Najgorsze jest to ze niby ona tez nie wiedziala ze on jest ze mna bo powiedzial ze wlasnie rozstal sie z dziewczyna i jest SAM.
Chcialam z nim rozmawiac o nas oprzyszlosci jak to rozwiazemy a on mnie skwitowal mowiac ze on juz nie chce rozmawiac i tyle.
Ciagle powtarza ze musi zapomniec o niej ale nic w tym kierunku nie robi, bo ciagle pisze i dzwoni do niej.
Najbardziej boli mnie to ze byl u niej w dniu naszego slubu i blagal zeby do niego wrocila ze on rzuci wszystko dla niej. A pozniej jak mu odmowila slubowal mi milosc w Kosciele przed Bogiem. Sama nie wiem jaka ja bylam slepa i glupia.
Zawsze mialam duze powodzenie ale nie musialam wziasc sobie teakiego przyglupa
dziekuje wszytskim ze wogole cos napisali.
Mam sie z nim spotkac w ten weekend i porozmawiac o rozwodzie ale juz wiem ze bedzie ciezko i ze moze mi nie podpisac dla zasady. Bo wyjdzie na glupka przed kolegami.
Dodam jeszcze ze wszyscy jego znajomi wiedzieli o nej i spotykali sie z nimi.
napisał/a: timon1 2008-11-30 13:30
nati30, będzie dobrze:)

dasz radę to ogarnąć, i możliwe, że byłaś ślepa i głupia bo byłaś zakochana, a wtedy klapki na oczach itd.

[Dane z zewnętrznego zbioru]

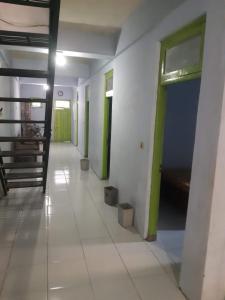 un corridoio vuoto con porte verdi e pareti bianche di Hotel Griya Syar'i a Pekalongan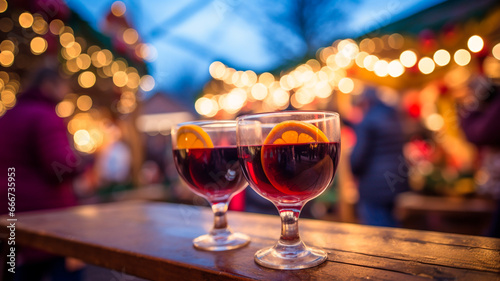 a glass of mulled wine on the background of the christmas tree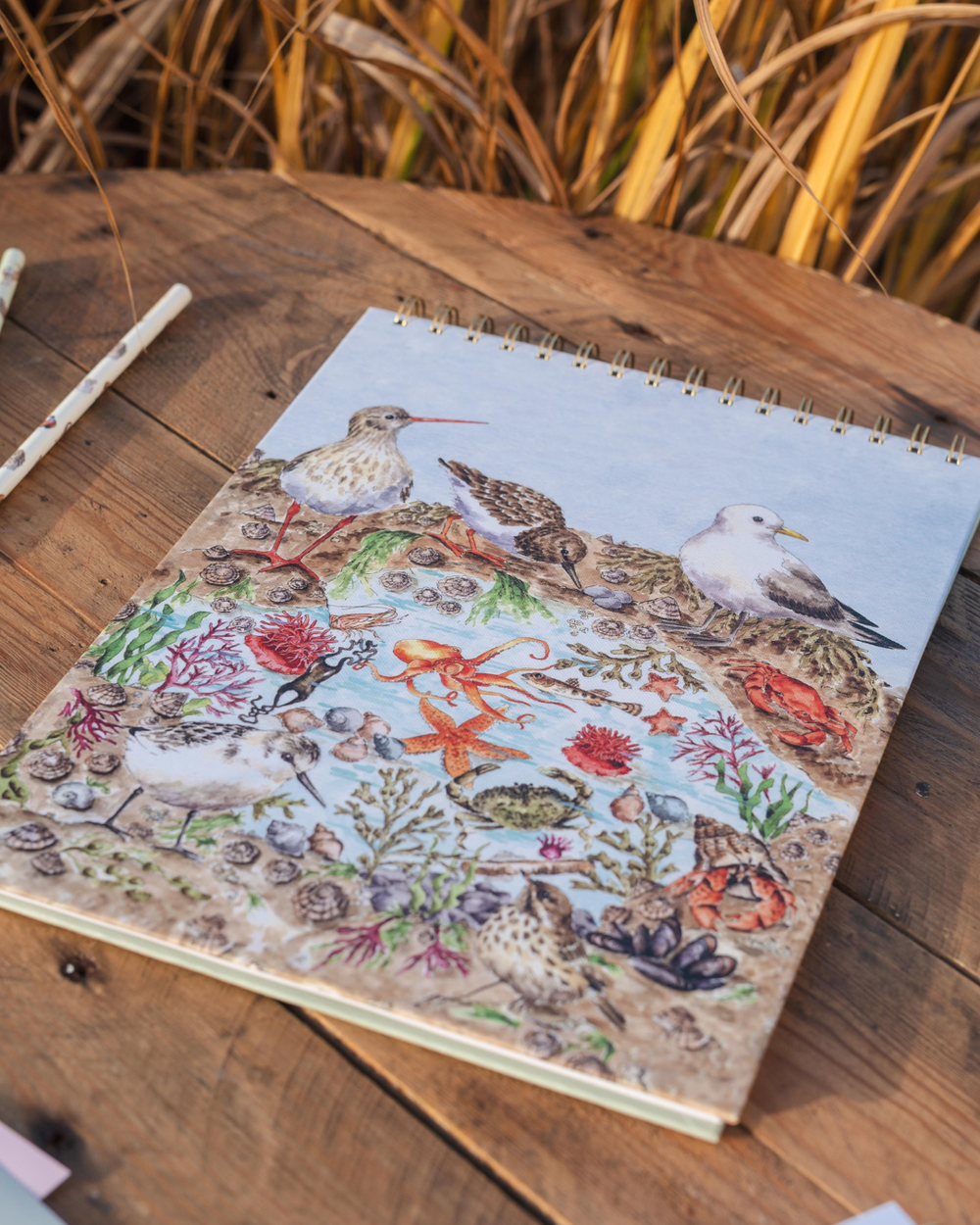 Wrendale Designs Skizzenbuch A4 Seaside mit Küstenmotiv auf Holztisch dekoriert mit Stift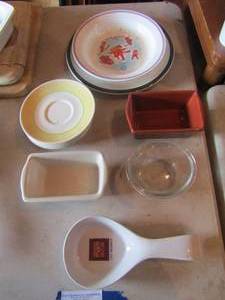 lot 28 image: 2 butter dishes from Garden ridge, yellow saucers qty 5, spoon rest, winter plate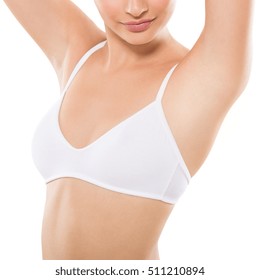Closeup of a beautiful young woman showing her smooth armpit isolated on white background. Girl holding her arms up and showing clean underarms. Hairs removal and depilation concept.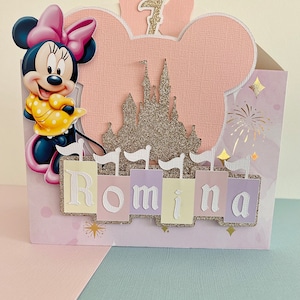 Może przedstawiać: R&oacute;żowa i biała kartka urodzinowa z motywem Minnie Mouse, złotym zamkiem z brokatem i imieniem Romina. Kartka ma r&oacute;żowe tło z białymi gwiazdami i fajerwerkami.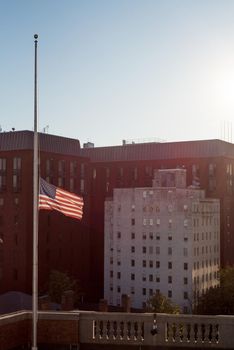 US flag flying half mast in Washington DC vertical crop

a jego znajomi widać, że są jego warci, czyli kompletne zera.

skoro mówisz, że zawsze miałaś powodzenie to tym bardziej nie powinnaś rozpaczać. Znajdziesz jeszcze kogoś porządnego:)
napisał/a: ~gość 2008-11-30 13:40
nati30 napisal(a):
Mam sie z nim spotkac w ten weekend i porozmawiac o rozwodzie ale juz wiem ze bedzie ciezko i ze moze mi nie podpisac dla zasady. Bo wyjdzie na glupka przed kolegami.
Dodam jeszcze ze wszyscy jego znajomi wiedzieli o nej i spotykali sie z nimi.


Pomyśl dziewczyno, jakie Ty masz jednak szczęście.
A gdyby Twój "mąż" ciebie zapłodnił i tak się zabawiał z innymi - czy nie było by ciężej ?
Obecnie poznałaś jego prawdziwy charakter - jesteś jeszcze bardzo młoda - masz szansę poznać kogoś normalnego. Masz szansę na szczęście w życiu.
napisał/a: rozczarowana2 2008-11-30 14:24
jestem nowa na tym portalu i tak na prade nie wiem, czego oczekuje zakładając ten temat.......ale proszę o szczere opinie.... jestem w szczęśliwym związku, ale ostatnio odkryłam, że mój partner dostał smsa z numer XXX dla dorosłych, poza tym odkryłam pościągane filmiki erotyczne i na komórce i na komputerze. Korzysta też z takich stron dla dorosłych, dość często, kiedy mne nie ma.Najbardziej niepokoi mnie ten sms.....po przeczytaniu jego wywnioskowałam, że to on zaczął pisać....nie wiem co robić......czy Waszym zdaniem,to już problem? nie piszcie, że mam z nim rozmawiać, bo próbowałam, na spokojnie i w ogóle, ale nie idzie......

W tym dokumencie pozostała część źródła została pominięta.